In the long term, he said it’s inevitable that people will become infected with coronavirus.

He said the population immunity due to vaccinations and infections will at some point be so strong that the virus will become less important. “Then we will be in an endemic state,” said Drosten. In the worst case, however, this could take “several more winters”.

However, Drosten warned against people trying to deliberately infect themselves with Covid, saying getting the infection in summer doesn’t mean people will be protected in winter. 

Drosten himself said he has not yet contracted Covid-19.

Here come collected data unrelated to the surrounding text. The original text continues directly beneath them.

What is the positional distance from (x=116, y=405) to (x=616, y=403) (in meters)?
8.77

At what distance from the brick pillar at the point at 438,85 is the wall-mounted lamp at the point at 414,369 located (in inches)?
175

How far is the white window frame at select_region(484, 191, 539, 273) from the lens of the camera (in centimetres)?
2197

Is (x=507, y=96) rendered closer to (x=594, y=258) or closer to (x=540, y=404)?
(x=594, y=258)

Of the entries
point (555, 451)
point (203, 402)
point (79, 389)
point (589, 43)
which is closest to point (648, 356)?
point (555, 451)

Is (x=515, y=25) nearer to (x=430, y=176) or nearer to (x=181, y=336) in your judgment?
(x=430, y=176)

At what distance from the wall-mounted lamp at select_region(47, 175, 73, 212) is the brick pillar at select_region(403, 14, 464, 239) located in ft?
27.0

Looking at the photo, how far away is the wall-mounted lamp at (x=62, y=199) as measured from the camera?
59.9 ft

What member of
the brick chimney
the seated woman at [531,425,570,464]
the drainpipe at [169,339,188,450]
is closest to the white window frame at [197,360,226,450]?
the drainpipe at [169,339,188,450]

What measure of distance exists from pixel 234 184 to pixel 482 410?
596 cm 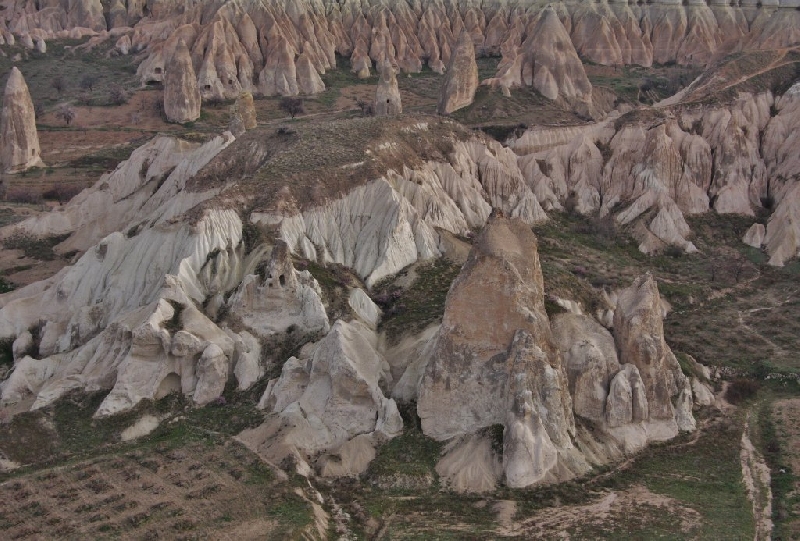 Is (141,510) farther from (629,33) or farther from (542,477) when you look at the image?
(629,33)

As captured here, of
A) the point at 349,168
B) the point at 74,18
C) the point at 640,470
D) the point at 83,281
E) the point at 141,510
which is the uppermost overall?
the point at 74,18

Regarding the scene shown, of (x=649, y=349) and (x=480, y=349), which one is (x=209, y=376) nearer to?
(x=480, y=349)

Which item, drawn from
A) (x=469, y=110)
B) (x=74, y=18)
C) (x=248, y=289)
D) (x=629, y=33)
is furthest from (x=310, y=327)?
(x=74, y=18)

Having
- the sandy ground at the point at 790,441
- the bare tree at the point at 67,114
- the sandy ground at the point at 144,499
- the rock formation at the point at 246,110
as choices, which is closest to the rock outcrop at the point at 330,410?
the sandy ground at the point at 144,499

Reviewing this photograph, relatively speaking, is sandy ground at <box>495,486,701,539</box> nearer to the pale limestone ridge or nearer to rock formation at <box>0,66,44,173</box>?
the pale limestone ridge

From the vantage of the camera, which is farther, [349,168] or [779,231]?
[779,231]

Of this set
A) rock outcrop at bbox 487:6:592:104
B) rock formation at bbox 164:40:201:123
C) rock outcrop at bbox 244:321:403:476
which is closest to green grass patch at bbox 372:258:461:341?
rock outcrop at bbox 244:321:403:476

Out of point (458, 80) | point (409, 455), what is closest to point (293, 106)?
point (458, 80) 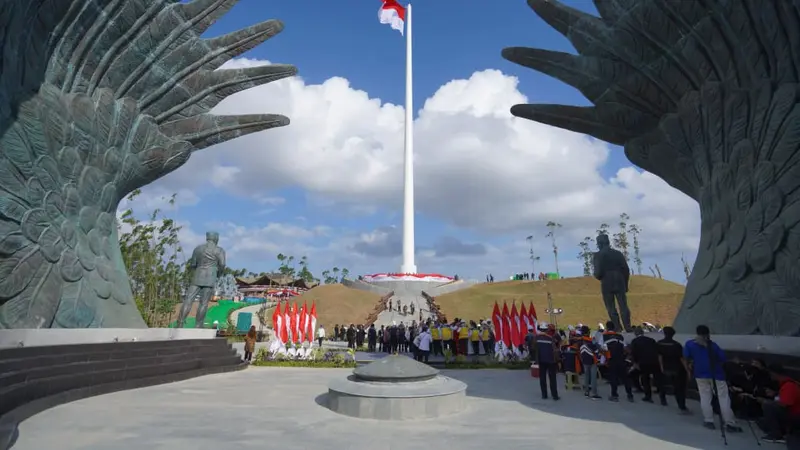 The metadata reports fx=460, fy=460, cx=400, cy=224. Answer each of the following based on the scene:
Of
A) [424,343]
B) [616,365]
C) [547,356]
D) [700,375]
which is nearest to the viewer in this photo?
[700,375]

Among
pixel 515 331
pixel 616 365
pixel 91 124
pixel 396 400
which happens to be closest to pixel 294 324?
pixel 515 331

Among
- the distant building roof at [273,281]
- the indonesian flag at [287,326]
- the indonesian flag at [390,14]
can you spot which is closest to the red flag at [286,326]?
the indonesian flag at [287,326]

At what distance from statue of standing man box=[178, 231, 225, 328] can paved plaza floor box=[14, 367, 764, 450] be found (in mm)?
5899

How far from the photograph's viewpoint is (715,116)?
11.7 m

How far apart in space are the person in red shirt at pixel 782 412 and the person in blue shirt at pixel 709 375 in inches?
19.9

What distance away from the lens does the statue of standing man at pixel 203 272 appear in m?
15.3

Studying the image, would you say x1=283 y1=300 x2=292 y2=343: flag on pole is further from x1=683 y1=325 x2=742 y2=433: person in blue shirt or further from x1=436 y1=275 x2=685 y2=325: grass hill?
x1=436 y1=275 x2=685 y2=325: grass hill

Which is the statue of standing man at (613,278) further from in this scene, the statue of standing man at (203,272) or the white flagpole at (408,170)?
the white flagpole at (408,170)

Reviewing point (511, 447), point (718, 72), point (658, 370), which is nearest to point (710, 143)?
point (718, 72)

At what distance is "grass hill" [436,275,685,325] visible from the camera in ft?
150

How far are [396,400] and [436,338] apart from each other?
40.0 feet

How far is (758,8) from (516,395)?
33.6ft

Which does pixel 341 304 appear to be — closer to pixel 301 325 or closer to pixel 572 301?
pixel 572 301

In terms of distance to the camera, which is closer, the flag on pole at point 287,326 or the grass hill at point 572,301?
the flag on pole at point 287,326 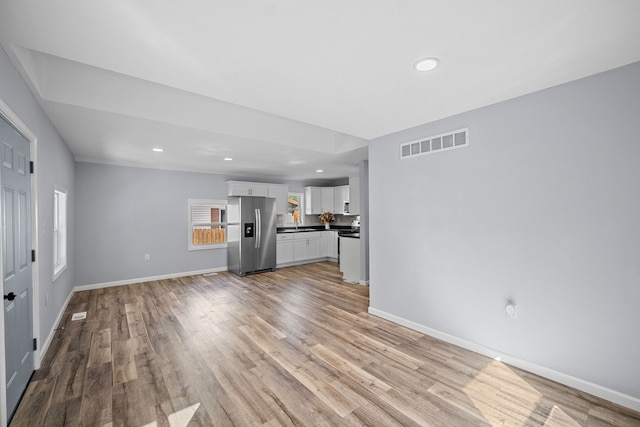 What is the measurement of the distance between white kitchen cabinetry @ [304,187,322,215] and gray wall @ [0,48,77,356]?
533 centimetres

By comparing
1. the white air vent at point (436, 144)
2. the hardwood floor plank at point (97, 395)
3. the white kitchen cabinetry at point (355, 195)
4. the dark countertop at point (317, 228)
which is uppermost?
the white air vent at point (436, 144)

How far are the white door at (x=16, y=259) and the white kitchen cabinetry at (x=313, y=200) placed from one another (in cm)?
616

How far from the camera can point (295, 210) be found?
825 centimetres

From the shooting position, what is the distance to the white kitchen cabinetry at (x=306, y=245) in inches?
287

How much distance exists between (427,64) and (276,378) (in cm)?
267

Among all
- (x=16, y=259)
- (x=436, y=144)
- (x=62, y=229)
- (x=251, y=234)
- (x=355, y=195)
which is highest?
(x=436, y=144)

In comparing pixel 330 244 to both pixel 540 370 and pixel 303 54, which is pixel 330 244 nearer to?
pixel 540 370

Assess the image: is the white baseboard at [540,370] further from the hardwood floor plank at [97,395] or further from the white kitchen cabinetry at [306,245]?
the white kitchen cabinetry at [306,245]

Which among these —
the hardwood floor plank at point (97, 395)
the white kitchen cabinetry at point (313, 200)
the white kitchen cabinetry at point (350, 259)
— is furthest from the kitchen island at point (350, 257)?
the hardwood floor plank at point (97, 395)

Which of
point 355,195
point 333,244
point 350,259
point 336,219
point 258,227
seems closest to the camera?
point 350,259

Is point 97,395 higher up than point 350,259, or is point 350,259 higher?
point 350,259

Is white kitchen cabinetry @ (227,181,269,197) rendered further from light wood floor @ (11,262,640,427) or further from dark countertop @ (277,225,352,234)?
light wood floor @ (11,262,640,427)

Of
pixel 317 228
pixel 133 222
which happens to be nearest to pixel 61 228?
pixel 133 222

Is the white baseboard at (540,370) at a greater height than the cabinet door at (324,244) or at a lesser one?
lesser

“So far, I guess I’ve just been lucky,” he said. “I rarely put myself in risky situations, but I’m not overly cautious either.”

‘Pandemic depends on behaviour’

According to the Robert Koch Institute (RKI)’s latest weekly report, more outbreaks are occurring in care homes, and the number of patients in intensive care units is slightly rising as infections go up. 

The institute said there had been a 23 percent increase in the 7-day incidence compared to the previous week. On Friday the 7-day incidence stood at 618.2 infections per 100,000 people. There were 108,190 infections within the latest 24 hour period and 90 deaths. 

“The further course of the pandemic depends not only on the occurrence of new virus variants and the uptake of vaccinations on offer, it also depends to a large extent on the behaviour of the population,” said the RKI.

According to the DIVI intensive care register, the number of Covid-19 patients in ICUs had increased to 810 on Thursday this week, from about 600 at the beginning of the month.

However, that number is still low compared to previous Covid peaks when thousands of people were in intensive care in Germany.